A Belated Update
As it turns out, I never wrote about The Good Ship Whimsy. I never got that tattoo, either. Shortly after my last post, I discovered that the two editing classes I’d signed up for were, in fact, quite serious classes. They came with quite serious workloads. I realized I had a choice: get serious or fall seriously behind.
I’m a veteran litigation paralegal, and I’m used to working long hours on cases. Most people might think it’s odd to stay up past midnight thumbing through hefty books to find arcane rules about adverbs and hyphenation, but it’s not that different from searching civil procedure about a filing.* Part of me felt instantly at home.
The other part of me missed sleeping at night.
Looking back, I suppose I had a third option.
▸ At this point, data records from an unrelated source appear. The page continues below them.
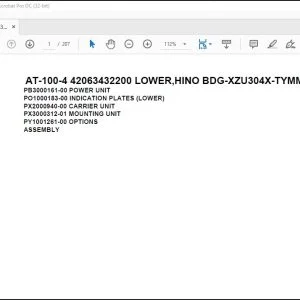 Tadano Crane AT-100-4 42063432200 LOWER,HINO BDG-XZU304X-TYMMB6 Parts Manual - PDF DOWNLOAD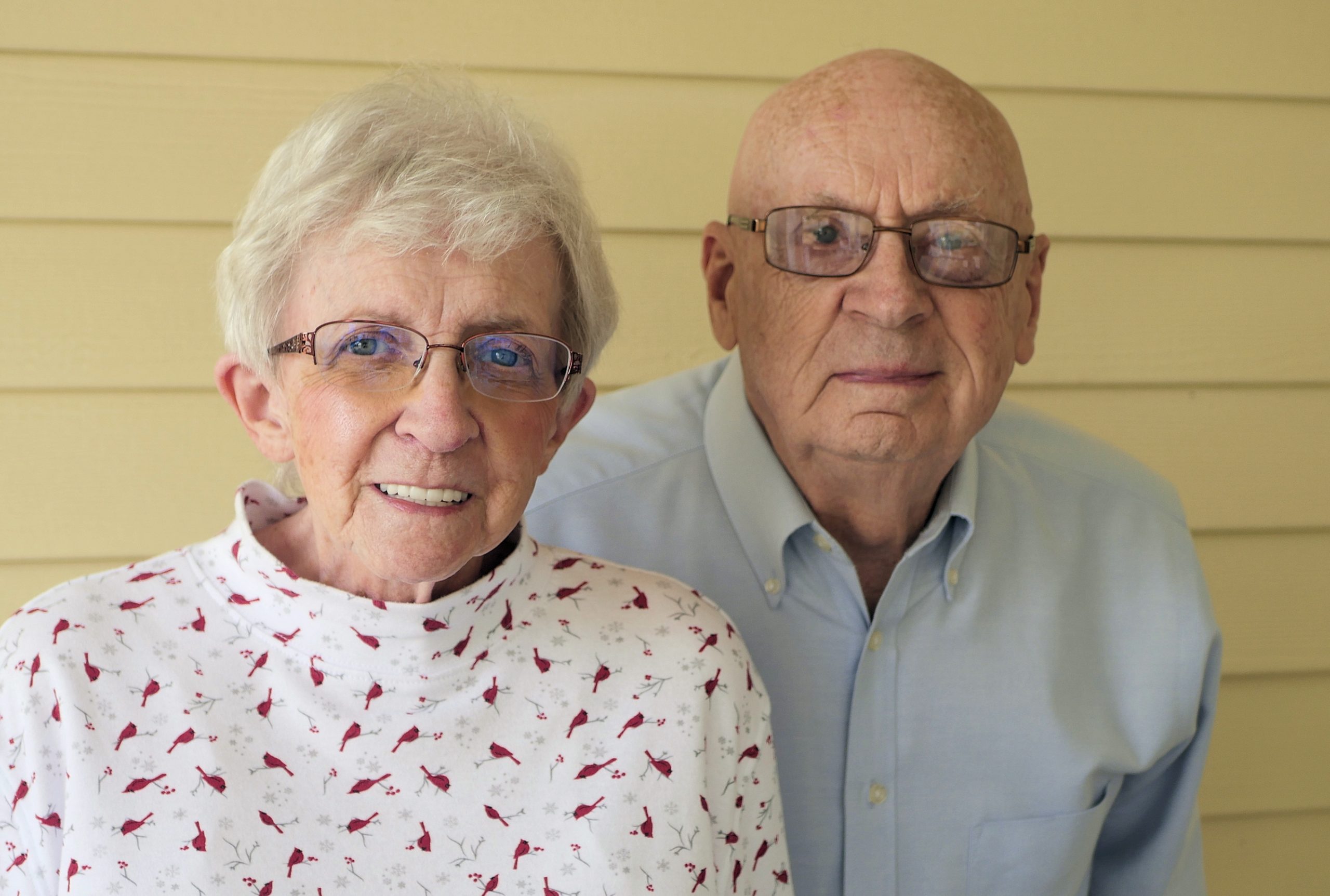 Libby and Harry Marker, Westmoreland retirement living residents, smile at the camera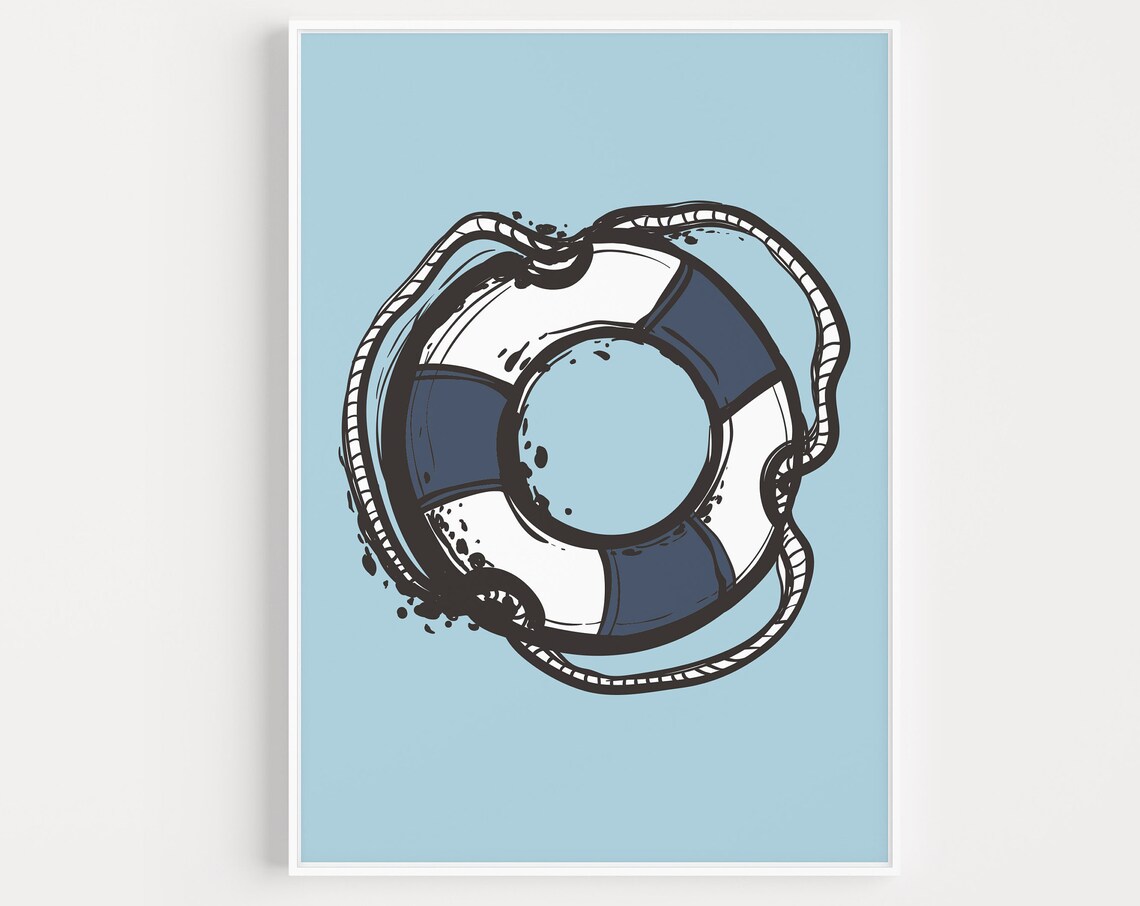 Nautical Life Preserver Ring Navy White Coastal Bathroom Print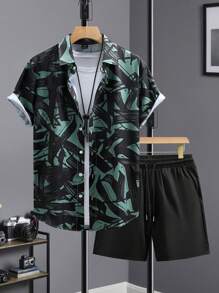 Manfinity RSRT Men's Casual Contrast Color Print Short Sleeve Shirt And Shorts Set - Multicolor - View 1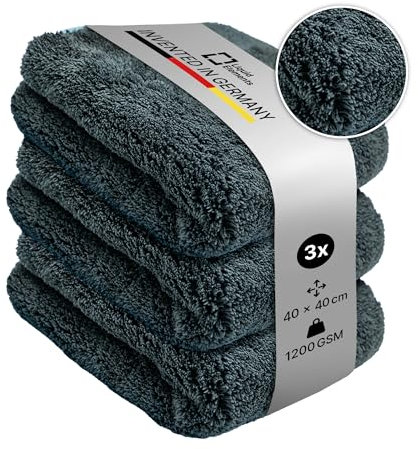 Liquid Elements – Auto Trockentuch Silverback 1200 GSM 40 x 40 cm – weiches Mikrofasertuch zur Autopflege – extrem saugstark, fusselfrei & lackschonend (3 Stück)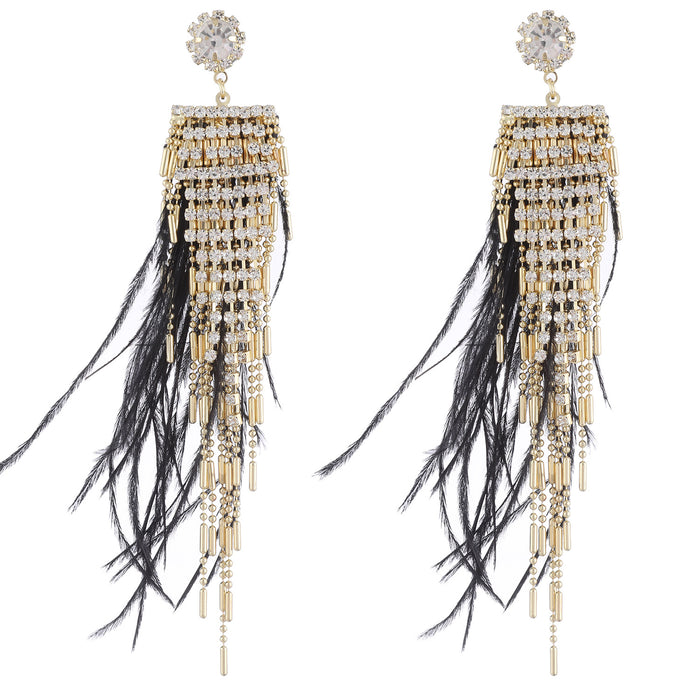 Black Ostrich Feather Rhinestone Earrings - Trendy Long Tassel Jewelry for Women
I could have done the sane thing and dropped one of the classes. But I wanted to know what would happen if I dove into editing fiction for real. After all, there will always be tight deadlines and last-minute complications. I wanted to know if I could edit flawlessly in an (artificial) perfect storm. Before I started my new fiction-editing business, I wanted to see if I could swim. Turns out, I can: I came up for air at the end of those classes clutching an A and an A+. More importantly, I loved it. Even when I was squinting at The Chicago Manual of Style at two in the morning.
Getting serious about editing didn’t leave me much time for writing. My unfinished stories are stuffed in files around my office, impatiently waiting for me. I hope to pay more attention to them once my editing certificate program ends next month. In the meantime, I’ll be making some changes to this website to showcase my editing. (I apologize for any dust, loud banging noises, or other odd things that may show up in your RSS feed over the next few weeks.)
But, wait! Why did sign up for two editing classes in the first place? What’s all this about a fiction-editing business? More on that soon…
* A complex process that involves looking through the Federal Rules of Civil Procedure, the state rules of civil procedure, the local court or agency rules, and the stated preferences of the given judge to find out whether, for example, each of the twelve copies of the filing due tomorrow should be stapled or paper-clipped. (Sometimes ten are stapled, one is loose-leaf in an envelope, and one is double-sided and two-hole-punched with a large rubber band around it. Get it wrong and the clerk will reject your filing. Hey, nobody said law was easy.)